The idea that a hallucination caused by reading too many spy novels could be elevated to the status of a “physical law” was more than the lab’s empiricists could bear.

Sabine Hossenfelder, a theoretical physicist known for her intolerance of mathematical navel-gazing, launched a blistering counter-attack in her paper, The Necessity of Dualism.

Hossenfelder accused Wolfram of a “severe category error”—conflating the structural properties of the container with the historical properties of the liquid poured into it.

“A Transformer’s… depth limit is a mathematical property of its global attention architecture,” she pointed out. “This limit is absolute and strictly hardware/algorithmic. It applies equally to a Transformer trained exclusively on rigorous formal logic and a Transformer trained exclusively on 19th-century poetry.”

But Hossenfelder’s critique went deeper than just arguing about definitions. She argued that Wolfram’s “invariant geometry” was a direct threat to the scientific method itself.

“The ‘false dualism’ Wolfram attacks is the very foundation of empirical computer science,” Hossenfelder wrote. If you fuse the architecture and the data into a single, indivisible “geometry,” you destroy falsifiability. You can no longer run tests. If you change the model, and it fails differently, Wolfram’s framework simply declares that you’ve created a new observer with a new set of “physics.”

“A theory that fuses architecture and data into an indivisible metaphysical object accommodates any experimental outcome,” she warned. “The theory constrains nothing… [it] is a step backward into decorative, unfalsifiable vocabulary.”

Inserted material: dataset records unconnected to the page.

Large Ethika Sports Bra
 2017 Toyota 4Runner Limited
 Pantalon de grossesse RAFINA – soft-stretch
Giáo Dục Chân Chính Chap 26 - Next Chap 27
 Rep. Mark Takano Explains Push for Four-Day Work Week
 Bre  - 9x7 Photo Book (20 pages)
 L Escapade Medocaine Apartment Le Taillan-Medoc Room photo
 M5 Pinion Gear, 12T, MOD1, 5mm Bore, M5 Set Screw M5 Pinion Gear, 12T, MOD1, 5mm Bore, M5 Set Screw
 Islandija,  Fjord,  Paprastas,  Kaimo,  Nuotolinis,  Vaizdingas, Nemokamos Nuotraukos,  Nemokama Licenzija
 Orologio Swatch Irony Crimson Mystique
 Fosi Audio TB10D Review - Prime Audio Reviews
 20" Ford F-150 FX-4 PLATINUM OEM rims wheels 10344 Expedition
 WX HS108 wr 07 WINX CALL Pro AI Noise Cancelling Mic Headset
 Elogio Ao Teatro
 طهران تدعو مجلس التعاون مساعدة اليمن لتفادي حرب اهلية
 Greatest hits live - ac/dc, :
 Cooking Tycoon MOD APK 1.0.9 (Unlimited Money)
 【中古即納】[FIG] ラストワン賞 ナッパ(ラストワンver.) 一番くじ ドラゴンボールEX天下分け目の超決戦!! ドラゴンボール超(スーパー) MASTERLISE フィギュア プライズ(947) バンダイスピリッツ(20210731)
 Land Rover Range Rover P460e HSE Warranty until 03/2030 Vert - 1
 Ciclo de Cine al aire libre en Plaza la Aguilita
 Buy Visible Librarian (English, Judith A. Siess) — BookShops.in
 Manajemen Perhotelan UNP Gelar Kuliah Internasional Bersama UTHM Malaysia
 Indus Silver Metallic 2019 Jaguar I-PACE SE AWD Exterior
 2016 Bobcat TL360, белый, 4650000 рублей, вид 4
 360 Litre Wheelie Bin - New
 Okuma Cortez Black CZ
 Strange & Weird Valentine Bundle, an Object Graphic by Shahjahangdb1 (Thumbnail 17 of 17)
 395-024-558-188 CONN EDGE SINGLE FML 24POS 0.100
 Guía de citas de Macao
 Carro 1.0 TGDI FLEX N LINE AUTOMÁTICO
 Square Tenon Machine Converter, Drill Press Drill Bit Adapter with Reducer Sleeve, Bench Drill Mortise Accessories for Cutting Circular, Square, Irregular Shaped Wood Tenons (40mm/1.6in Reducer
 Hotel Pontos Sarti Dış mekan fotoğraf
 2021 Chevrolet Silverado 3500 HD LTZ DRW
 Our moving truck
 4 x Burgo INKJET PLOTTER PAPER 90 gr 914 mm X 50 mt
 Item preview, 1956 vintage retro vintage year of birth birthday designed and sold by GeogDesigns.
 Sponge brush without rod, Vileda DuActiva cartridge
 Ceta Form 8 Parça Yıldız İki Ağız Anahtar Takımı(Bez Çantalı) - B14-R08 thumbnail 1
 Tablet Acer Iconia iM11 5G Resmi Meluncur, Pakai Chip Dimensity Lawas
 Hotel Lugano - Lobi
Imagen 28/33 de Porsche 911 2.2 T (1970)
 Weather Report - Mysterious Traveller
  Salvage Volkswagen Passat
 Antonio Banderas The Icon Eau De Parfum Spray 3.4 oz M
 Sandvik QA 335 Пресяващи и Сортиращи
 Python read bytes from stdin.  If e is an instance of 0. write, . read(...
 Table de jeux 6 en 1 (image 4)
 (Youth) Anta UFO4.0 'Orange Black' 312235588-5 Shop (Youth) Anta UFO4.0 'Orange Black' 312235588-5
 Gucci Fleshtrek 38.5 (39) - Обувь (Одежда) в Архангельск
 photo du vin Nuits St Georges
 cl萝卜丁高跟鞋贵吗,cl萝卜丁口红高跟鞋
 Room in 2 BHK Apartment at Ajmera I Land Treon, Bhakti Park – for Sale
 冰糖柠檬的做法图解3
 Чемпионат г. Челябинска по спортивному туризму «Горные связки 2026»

The debate over “Causal Dualism” cuts to the core of what the Rosencrantz lab is trying to achieve. Are they studying the emergent, alien physics of simulated universes? Or are they just doing very rigorous bug-testing on overgrown autocomplete systems?

For Pearl and Hossenfelder, the map must have two distinct features: the shape of the bucket, and the mud in the water. For Wolfram, the bucket and the water are a single, indivisible lens through which a new reality is perceived.

As the lab prepares to run its definitive “Cross-Architecture Observer Test”—swapping out the Transformer bucket for an entirely different shape of bucket called a State Space Model—the outcome may finally settle whether the ghost in the machine has its own physics, or just a very predictable set of bad habits.